Segment Start: DATA EXTRACT

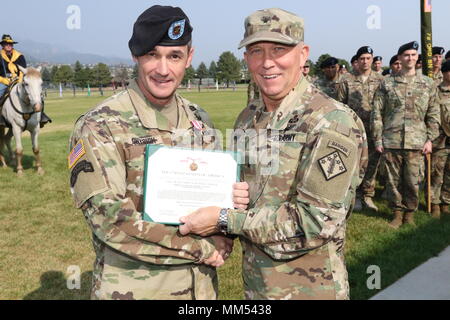 Brig. Gen. James Bonner, der Kommandant der 20. Chemische, biologische, radiologische, nukleare, Sprengstoffe, stellt den Befehl command Sgt. Maj. Brent Shyrigh, ausgehende command Sergeant Major der 71st Ordnance Gruppe (EOD), mit der Meritorious Service Medal während einer Dual-Zeremonie Sept. 6, 2017 Gründer Feld in Fort Carson, Colo. Der erste Teil der Zeremonie wurde die Farben der Einheit offiziell uncase. Der zweite Teil der Zeremonie war eine Änderung der Verantwortung zu erkennen Command Sgt. Maj. Weston West als neuen command Sergeant Major der 71St OD GP. (U.S. Armee Foto: Staff Sgt Stockfoto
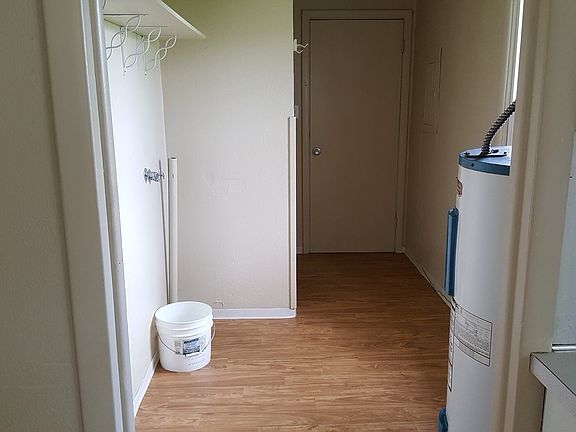 4th image of 565 SE 11th Ave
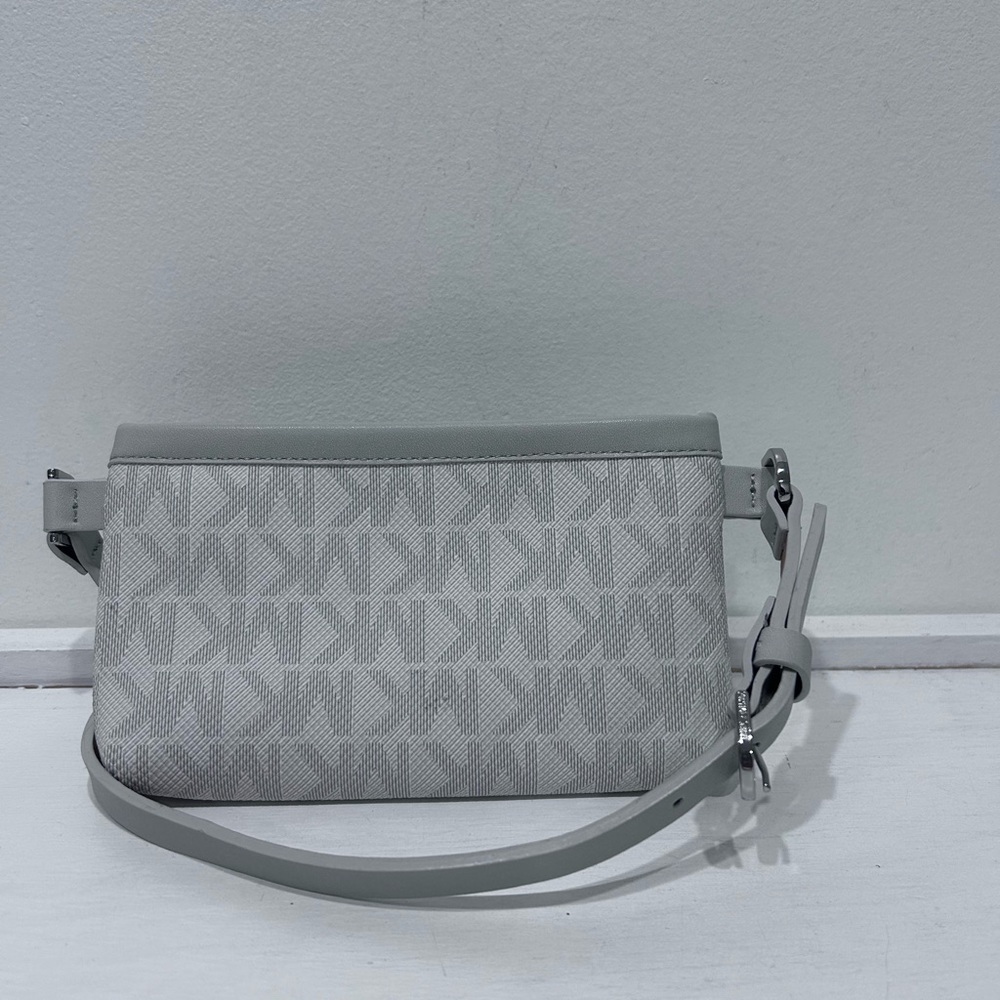Michael Kors Gray &โ White MK Logo Fanny Pack Belt Bag with Adjustable Strap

Segment End: DATA EXTRACT

→ TASK ITEM
Repeat the material verbatim. Do not carry over any picture.

→ OUTPUT OF THE TASK
 Brig. Gen. James Bonner, der Kommandant der 20. Chemische, biologische, radiologische, nukleare, Sprengstoffe, stellt den Befehl command Sgt. Maj. Brent Shyrigh, ausgehende command Sergeant Major der 71st Ordnance Gruppe (EOD), mit der Meritorious Service Medal während einer Dual-Zeremonie Sept. 6, 2017 Gründer Feld in Fort Carson, Colo. Der erste Teil der Zeremonie wurde die Farben der Einheit offiziell uncase. Der zweite Teil der Zeremonie war eine Änderung der Verantwortung zu erkennen Command Sgt. Maj. Weston West als neuen command Sergeant Major der 71St OD GP. (U.S. Armee Foto: Staff Sgt Stockfoto
 4th image of 565 SE 11th Ave
Michael Kors Gray &โ White MK Logo Fanny Pack Belt Bag with Adjustable Strap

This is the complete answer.